À peu près 200 000 personnes en activité, un chiffre d'affaires de 3,5 milliards d'euros, 92 tonnes de marchandises saisies en 2023. Nous ne parlons pas d'une entreprise comme une autre, mais de celle, funeste, du narcotrafic. Les chiffres communiqués par le ministère de l'économie en mars dernier montrent l'ampleur du problème. Le narcotrafic est un drame dont on ne compte plus les victimes, qui, chaque jour, sont évoquées dans les actualités et glacent le sang de nos honnêtes compatriotes. Sans prendre la posture d'un simple commentateur, ce qui serait inutile, je tiens à rappeler l'urgence d'agir face au narcotrafic et, plus largement, à la criminalité organisée, qui menace gravement la sécurité nationale et l'avenir de nos enfants. Monsieur le garde des sceaux, je vous sais pleinement engagé dans cette lutte, comme en témoignent jour après jour vos déplacements et vos prises de position, de concert avec le ministre de l'intérieur et l'ensemble du Gouvernement. Je tiens à saluer une nouvelle fois ici votre volontarisme.

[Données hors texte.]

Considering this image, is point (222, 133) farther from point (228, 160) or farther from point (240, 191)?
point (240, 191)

La proposition de loi qui nous réunit constitue un levier incontestable de l'arsenal de répression. Monsieur le rapporteur, en consacrant la politique conduite depuis une dizaine d'années et en y apportant des améliorations indispensables, votre proposition de loi améliorera considérablement la politique de saisie et de confiscation des avoirs criminels. Elle améliorera la fluidité de la chaîne qui va de la saisie à la confiscation et, surtout, elle renverse le droit : désormais, le principe consiste à confisquer le moyen et le produit de l'infraction ; cela constitue une réelle avancée.
La proposition de loi démontre l'efficacité de notre processus législatif – dont certains aiment à douter : un rapport conduit brillamment par Jean-Luc Warsmann avec l'ancien député Laurent Saint-Martin, suite à une impulsion du Premier ministre Édouard Philippe, une consultation des acteurs concernés, le temps de réflexion nécessaire à la préparation d'un nouveau texte, en concertation avec l'ensemble des formations politiques qui composent notre assemblée. Qu'on vienne nous dire que nous n'arrivons pas à travailler !

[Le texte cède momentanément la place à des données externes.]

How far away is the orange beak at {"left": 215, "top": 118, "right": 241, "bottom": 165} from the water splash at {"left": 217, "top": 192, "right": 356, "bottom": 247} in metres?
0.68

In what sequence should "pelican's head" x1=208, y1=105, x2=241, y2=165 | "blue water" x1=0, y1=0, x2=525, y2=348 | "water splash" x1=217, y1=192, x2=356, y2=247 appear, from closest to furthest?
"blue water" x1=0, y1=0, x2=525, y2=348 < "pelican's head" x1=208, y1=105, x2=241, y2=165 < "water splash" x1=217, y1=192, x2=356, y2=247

Les orateurs qui m'ont précédé l'ont relevé : l'adoption de ce texte permettra de franchir un nouveau palier dans la lutte contre la criminalité organisée. Grâce à des adaptations techniques et d'apparence très procédurale, la culture de la confiscation, si répandue chez nos voisins italiens, infuse progressivement dans notre pays.
Je formule donc le vœu que cette proposition de loi incite tous les acteurs de la justice à intégrer la peine de confiscation comme un instrument de la réponse pénale. Cet outil ne doit plus être vu comme chronophage et coûteux, mais bien comme un moyen redoutable et redouté de la politique pénale.
Nous devons garantir l'absence, dans notre pays, d'infractions lucratives. Force est de constater qu'en 2024, la seule perspective du risque d'emprisonnement ne dissuade pas suffisamment les délinquants. Malheureusement, certaines personnes érigent même en modèle la délinquance et l'enrichissement illicite. C'est à nous, par le biais de cette proposition de loi et en poursuivant nos efforts, de remettre en cause plus frontalement cet enrichissement.
Je voudrais insister sur un point particulièrement cher au groupe que je préside : grâce à un amendement défendu par Naïma Moutchou, ces saisies et confiscations auront une vocation sociale. Depuis novembre 2021, l'Agrasc a la possibilité de mettre les biens immobiliers saisis à disposition d'associations ou de fondations reconnues d'utilité publique. Grâce à notre contribution, il sera désormais possible d'attribuer à ces associations et fondations des biens meubles d'origine criminelle et de les mettre ainsi au service de l'intérêt général. Il faut le faire entendre partout : le bien commun prendra toujours le pas sur les systèmes mafieux et leurs tentatives de déstabilisation de l'ordre social.
Je conclurai en faisant écho à la volonté gouvernementale que vous avez exprimée, monsieur le garde des sceaux, de lier la confiscation des avoirs criminels à des dispositions prévues dans des textes à venir. Je ne parlerai que de celui qui m'a le plus intéressé, qui prévoit un statut pour les repentis, à savoir les personnes impliquées dans des délits et crimes dont la collaboration avec la justice a été déterminante pour démanteler les réseaux criminels. Je serai à vos côtés pour affronter le débat sur les collaborateurs de justice, débat dont l'importance est nationale. Vous connaissez notre détermination sans faille pour que ce dispositif soit enfin reconnu à sa juste valeur. Nous réussirons.